SoaF call 2015-11-02

Samvera Community Wiki


SoaF call 2015-11-02

Connection Info:
4pm Eastern
Google Hangout: https://hangouts.google.com/call/nkb5sb5bu5hamuzubmvqmrvnjea 

Attendees: 
@Juliet Hardesty
@wgcowan
@Jeremy Morse
@Esmé Cowles 

Agenda

OA Fragment Selector by format

XHTML - http://tools.ietf.org/rfc/rfc3236 - namedSection
PDF - http://tools.ietf.org/rfc/rfc3778 - page=10&viewrect=50,50,640,480
Plain text - http://tools.ietf.org/rfc/rfc5147 - char=0,10
XML - http://tools.ietf.org/rfc/rfc3023 - xpointer(/a/b/c)
RDF/XML - http://tools.ietf.org/rfc/rfc3870 - namedResource
CSV - http://tools.ietf.org/rfc/rfc7111 - row=5-7
Time-based media [spatial or temporal] - http://www.w3.org/TR/media-frags/ - xywh=50,50,640,480 or t=30,60
SVG - http://www.w3.org/TR/SVG/ - svgView(viewBox(50,50,640,480))
EPUB - http://www.idpf.org/epub/linking/cfi/epub-cfi.html - epubcfi(/6/4[chap01ref]!/4[body01]/10[para05]/3:10)
IIIF - http://iiif.io/api/annex/openannotation/index.html - xywh=100,150,500,30 or pct:0,0,10,10

No specifications for the following selectors, but they are also included in OA and offer a way to refer to segments of a disk image by byte range:

Text quote selector - annotation is the body and the target is fragment where the annotation goes

{
"@id": "http://example.org/anno16",
"@type": "Annotation",
"body": {"@id": "http://example.org/comment1"},
"target": {
"source": "http://example.org/page1",
"selector": {
"@type": "TextQuoteSelector",
"exact": "anotation",
"prefix": "this is an ",
"suffix": " that has some"
}
}
}

Text position selector

{
"@id": "http://example.org/anno17",
"@type": "Annotation",
"body": {"@id": "http://example.org/review1"},
"target": {
"source": "http://example.org/ebook1",
"selector": {
"@type": "TextPositionSelector",
"start": 412,
"end": 795
}
}
}

Data position selector

{
"@id": "http://example.org/anno18",
"@type": "Annotation",
"body": {"@id": "http://example.org/note1"},
"target": {
"source": "http://example.org/diskimg1",
"selector": {
"@type": "oa:DataPositionSelector",
"start": 4096,
"end": 4104
}
}
}

Notes

  • Discussion of Use Cases:

    • Different file formats

    • Time-based media - segment of a video file W3C media specification

      • Segments created that way

      • User annotations - managed differently

    • XML encoded text example

      • general case - being able to select a region of a text for search and display

      • retrieve a chapter for example

      • restricting search

      • Specific case - XML describes something represented elsewhere in the repository

        • a reference to a digital page in the xml document

        • would work with both OCR file and the tiffs that make it up

        • how to represent in PCDM? how to relate the two schemes XML and PCDM?

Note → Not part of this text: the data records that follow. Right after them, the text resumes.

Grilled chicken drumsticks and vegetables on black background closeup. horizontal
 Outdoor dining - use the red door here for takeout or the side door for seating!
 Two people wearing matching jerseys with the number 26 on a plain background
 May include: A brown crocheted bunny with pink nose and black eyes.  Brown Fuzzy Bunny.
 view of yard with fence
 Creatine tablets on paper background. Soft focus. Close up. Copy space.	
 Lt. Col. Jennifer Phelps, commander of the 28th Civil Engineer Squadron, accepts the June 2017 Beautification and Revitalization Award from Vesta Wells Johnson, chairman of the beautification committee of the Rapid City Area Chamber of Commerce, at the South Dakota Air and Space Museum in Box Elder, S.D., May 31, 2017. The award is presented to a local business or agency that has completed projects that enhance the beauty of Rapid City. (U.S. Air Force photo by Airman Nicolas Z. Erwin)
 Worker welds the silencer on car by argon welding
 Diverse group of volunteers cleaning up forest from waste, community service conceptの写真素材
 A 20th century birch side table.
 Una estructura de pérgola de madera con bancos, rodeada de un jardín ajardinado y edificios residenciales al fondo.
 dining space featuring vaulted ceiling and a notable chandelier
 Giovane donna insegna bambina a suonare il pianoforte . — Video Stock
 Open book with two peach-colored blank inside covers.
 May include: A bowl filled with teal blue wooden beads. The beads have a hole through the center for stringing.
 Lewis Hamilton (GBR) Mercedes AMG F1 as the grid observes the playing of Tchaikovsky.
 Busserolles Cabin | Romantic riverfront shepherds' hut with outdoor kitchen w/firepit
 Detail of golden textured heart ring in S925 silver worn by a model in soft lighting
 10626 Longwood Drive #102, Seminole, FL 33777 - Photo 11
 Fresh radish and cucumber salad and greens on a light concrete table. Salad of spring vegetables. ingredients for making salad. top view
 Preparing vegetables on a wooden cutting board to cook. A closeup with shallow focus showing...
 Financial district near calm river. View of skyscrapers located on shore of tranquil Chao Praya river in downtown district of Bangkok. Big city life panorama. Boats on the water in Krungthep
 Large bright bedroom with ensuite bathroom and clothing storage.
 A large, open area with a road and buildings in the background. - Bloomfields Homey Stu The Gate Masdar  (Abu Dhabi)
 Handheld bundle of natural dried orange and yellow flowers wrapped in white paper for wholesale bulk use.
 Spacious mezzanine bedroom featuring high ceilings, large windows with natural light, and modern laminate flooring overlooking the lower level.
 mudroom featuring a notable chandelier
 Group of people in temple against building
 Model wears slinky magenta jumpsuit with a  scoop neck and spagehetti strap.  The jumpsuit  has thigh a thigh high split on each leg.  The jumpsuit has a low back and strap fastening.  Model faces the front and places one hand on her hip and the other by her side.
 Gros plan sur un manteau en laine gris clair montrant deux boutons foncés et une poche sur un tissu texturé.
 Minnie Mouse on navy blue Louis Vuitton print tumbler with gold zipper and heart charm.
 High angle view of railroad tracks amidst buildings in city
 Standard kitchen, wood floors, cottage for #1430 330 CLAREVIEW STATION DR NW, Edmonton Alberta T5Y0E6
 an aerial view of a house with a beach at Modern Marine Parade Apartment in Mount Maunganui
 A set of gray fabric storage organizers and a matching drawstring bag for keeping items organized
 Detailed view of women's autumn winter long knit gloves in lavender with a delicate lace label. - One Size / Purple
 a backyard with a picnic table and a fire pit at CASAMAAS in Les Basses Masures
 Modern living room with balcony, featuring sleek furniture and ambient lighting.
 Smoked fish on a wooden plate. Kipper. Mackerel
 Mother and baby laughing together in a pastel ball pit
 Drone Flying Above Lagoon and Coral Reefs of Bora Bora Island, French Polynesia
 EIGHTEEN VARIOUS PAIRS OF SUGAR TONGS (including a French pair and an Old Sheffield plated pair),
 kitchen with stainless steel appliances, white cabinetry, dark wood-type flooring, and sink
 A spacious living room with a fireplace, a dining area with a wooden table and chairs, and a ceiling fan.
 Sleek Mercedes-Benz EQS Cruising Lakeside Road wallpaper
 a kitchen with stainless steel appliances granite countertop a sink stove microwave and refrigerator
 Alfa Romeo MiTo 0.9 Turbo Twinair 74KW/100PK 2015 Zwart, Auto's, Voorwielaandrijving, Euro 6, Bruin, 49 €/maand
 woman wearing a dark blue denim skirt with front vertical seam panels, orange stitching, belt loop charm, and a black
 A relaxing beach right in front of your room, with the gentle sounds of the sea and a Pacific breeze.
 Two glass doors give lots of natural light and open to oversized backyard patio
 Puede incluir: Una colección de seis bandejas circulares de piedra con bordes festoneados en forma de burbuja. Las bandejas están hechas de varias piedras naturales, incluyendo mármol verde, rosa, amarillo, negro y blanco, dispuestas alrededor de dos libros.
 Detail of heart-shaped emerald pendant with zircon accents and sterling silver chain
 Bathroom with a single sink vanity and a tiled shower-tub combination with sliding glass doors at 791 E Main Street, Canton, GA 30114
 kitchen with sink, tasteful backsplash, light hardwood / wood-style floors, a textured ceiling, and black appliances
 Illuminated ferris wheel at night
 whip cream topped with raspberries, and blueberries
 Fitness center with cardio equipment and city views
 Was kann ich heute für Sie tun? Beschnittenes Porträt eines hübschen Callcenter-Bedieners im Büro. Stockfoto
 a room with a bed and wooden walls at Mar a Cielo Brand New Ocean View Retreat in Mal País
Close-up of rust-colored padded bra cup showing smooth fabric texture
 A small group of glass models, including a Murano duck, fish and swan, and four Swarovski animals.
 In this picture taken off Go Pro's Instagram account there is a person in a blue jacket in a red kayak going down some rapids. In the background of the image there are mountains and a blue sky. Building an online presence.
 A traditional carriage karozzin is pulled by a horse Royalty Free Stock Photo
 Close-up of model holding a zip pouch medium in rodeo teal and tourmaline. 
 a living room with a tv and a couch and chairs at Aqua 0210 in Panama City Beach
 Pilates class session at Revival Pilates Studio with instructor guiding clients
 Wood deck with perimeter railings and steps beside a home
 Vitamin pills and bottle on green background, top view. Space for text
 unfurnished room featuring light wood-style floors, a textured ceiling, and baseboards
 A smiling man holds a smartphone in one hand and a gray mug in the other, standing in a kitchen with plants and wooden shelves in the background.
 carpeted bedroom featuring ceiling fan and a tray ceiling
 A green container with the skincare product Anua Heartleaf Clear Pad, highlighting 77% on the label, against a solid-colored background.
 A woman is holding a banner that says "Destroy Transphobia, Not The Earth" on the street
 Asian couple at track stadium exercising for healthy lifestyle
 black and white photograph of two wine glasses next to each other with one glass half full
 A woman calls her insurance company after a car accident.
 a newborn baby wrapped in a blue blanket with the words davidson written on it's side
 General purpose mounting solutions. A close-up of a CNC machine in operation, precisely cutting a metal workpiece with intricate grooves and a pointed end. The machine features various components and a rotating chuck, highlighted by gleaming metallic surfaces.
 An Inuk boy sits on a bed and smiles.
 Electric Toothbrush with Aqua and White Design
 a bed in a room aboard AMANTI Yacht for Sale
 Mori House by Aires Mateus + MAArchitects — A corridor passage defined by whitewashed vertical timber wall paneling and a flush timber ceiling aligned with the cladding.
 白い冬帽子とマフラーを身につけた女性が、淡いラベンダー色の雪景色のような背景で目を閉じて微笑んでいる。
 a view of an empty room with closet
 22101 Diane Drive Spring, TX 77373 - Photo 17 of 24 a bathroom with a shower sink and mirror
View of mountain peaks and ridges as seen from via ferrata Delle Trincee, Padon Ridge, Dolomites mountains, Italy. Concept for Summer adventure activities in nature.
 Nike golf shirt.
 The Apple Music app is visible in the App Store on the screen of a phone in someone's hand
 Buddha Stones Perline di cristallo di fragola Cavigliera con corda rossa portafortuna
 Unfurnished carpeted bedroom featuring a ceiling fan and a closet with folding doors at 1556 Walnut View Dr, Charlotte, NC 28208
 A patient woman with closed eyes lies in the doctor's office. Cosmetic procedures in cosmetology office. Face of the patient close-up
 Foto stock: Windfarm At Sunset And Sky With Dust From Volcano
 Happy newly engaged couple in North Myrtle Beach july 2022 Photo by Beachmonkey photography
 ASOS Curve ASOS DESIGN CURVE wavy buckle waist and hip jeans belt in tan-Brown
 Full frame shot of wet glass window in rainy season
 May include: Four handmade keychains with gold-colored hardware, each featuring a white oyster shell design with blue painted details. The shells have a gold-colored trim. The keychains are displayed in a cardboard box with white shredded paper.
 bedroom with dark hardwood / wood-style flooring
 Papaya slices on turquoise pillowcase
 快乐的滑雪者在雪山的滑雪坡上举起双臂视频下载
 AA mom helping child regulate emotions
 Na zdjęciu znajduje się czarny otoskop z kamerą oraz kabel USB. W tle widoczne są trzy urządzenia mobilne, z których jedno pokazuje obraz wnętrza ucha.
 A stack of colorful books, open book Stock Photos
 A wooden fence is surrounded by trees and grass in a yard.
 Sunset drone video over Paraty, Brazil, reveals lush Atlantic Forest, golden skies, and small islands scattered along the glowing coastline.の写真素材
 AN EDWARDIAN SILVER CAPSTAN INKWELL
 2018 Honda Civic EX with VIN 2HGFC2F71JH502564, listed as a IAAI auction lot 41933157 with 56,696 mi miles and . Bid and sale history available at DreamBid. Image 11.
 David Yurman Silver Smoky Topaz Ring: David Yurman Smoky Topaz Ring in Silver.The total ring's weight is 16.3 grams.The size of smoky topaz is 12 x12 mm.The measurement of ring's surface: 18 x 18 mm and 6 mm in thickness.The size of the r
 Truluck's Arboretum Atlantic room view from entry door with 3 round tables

      • how to link between all representations - indexed OCR, page TIFFS, and XML

    • Will attended OA conferences 4-5 years ago

      • how can you identify and annotate not just an entire image but a segment within an image

      • extended that to talk about being able to do that in a video as well, spatial and temporal

    • Similar to XML encoding linked up to image is the case of a page with image on it and image is what needs to be referenced

      • important for newspapers, can have 3-4 articles, multiple images that are connected to some articles and not others

    • Irregular shapes when you get into maps, manuscripts that are fragmented

  • OA Selector

    • Three pieces 

    • Byte range for disc image

    • Fragment selector by format

    • File types by fragments (see IIIF)

    • Calling up a fragment by extending the url

    • Line up an XML document as a transcript for a page image.

  • How are the text selector, text position selector, text quote selector, data position selector relate to the fragment selector.

  • Are these other things considered but not adopted? There seems to be an overlap between capabilities? Why a text position selector when you have a text fragment selector?

  • What is relation of selectors in section 4.2 and those selectors discussed (text selector, text position selector, text quote selector, data position selector)

  • Do we have a clear idea of the OA selector? open-ended

  • Do we need to specify the exact selectors we will cover, not just say we will do the W3C OA selector specification?

  • Good starting point; but need to so some more research into annotation fragment selectors.

  • Image, pdf, disc image use case spelled out.


Action Items:

  • Julie: check with Rob Sanderson or John Stroop on where IIIF and other fragment specs are listed besides OA/also image use case

  • Julie: Expand on time-based media use case to include spatial.

  • Jeremy: pdf use case

  • Julie: draft wiki page for segment of a file recommendation - pretty sure we can point to OA

    • OA is open-ended, though, so we need to list out standards we considered.

    • Point to use cases.

Next meeting 16 November at 4 PM Eastern.